In the entries that follow, the lines from the line containing "North Palm Beach" up to and including the line containing "Turck GRY,PVC,4X18,ITCERDB,MS40 Bulk Cable" must be copied exactly, with pictures omitted.

Exercise inputs START

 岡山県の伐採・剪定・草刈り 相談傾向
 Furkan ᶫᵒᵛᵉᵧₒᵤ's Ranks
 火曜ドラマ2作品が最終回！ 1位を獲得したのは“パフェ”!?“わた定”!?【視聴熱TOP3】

Exercise inputs END
Exercise inputs START

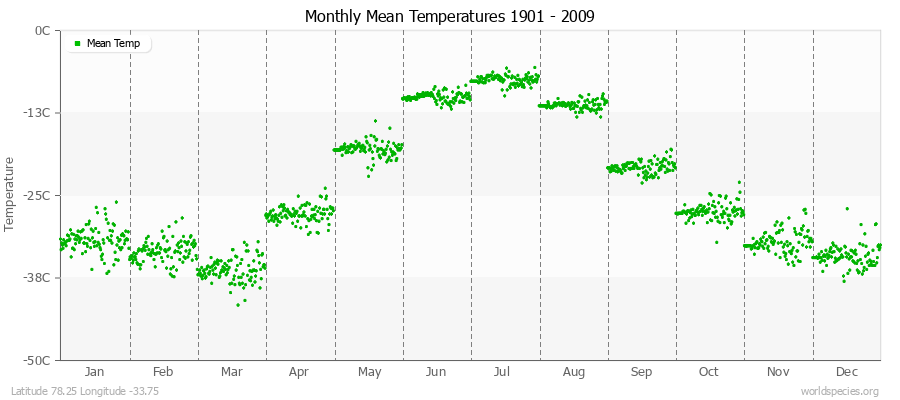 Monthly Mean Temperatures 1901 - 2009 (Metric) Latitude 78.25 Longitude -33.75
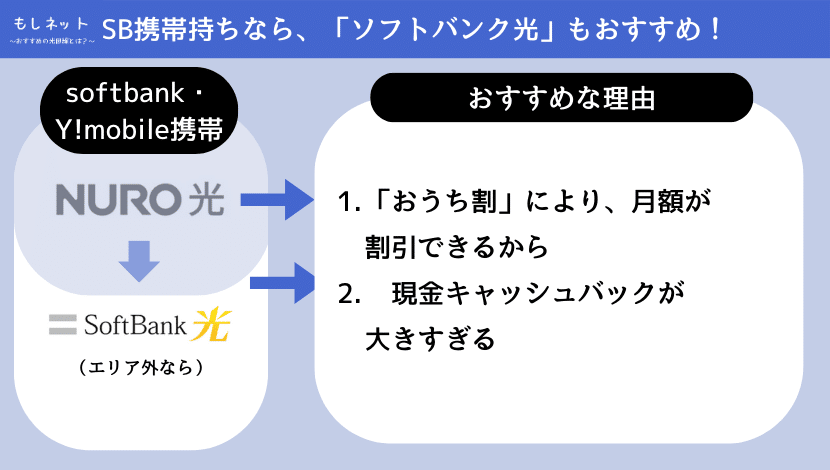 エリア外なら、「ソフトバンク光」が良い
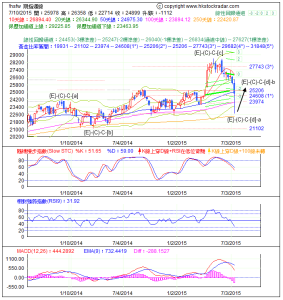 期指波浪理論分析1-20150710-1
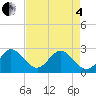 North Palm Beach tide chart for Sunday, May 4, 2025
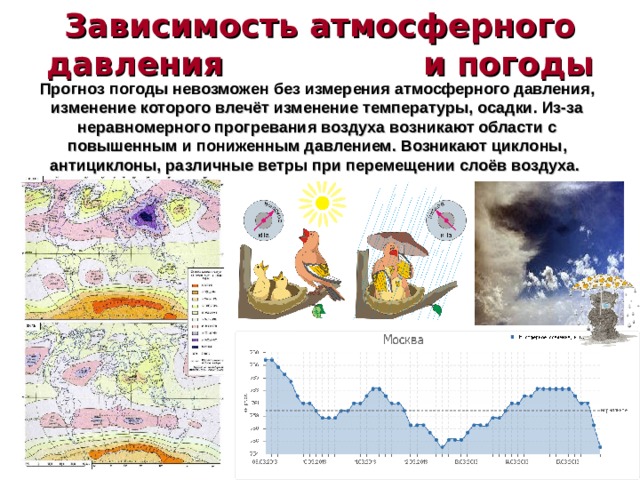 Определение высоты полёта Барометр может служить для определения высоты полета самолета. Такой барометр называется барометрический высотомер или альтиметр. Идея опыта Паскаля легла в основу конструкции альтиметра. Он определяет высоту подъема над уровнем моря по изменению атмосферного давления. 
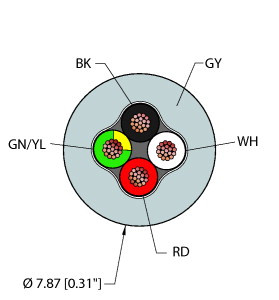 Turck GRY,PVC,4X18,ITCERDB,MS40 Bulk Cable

Exercise inputs END

Problem solution
 North Palm Beach tide chart for Sunday, May 4, 2025
 Определение высоты полёта Барометр может служить для определения высоты полета самолета. Такой барометр называется барометрический высотомер или альтиметр. Идея опыта Паскаля легла в основу конструкции альтиметра. Он определяет высоту подъема над уровнем моря по изменению атмосферного давления. 
 Turck GRY,PVC,4X18,ITCERDB,MS40 Bulk Cable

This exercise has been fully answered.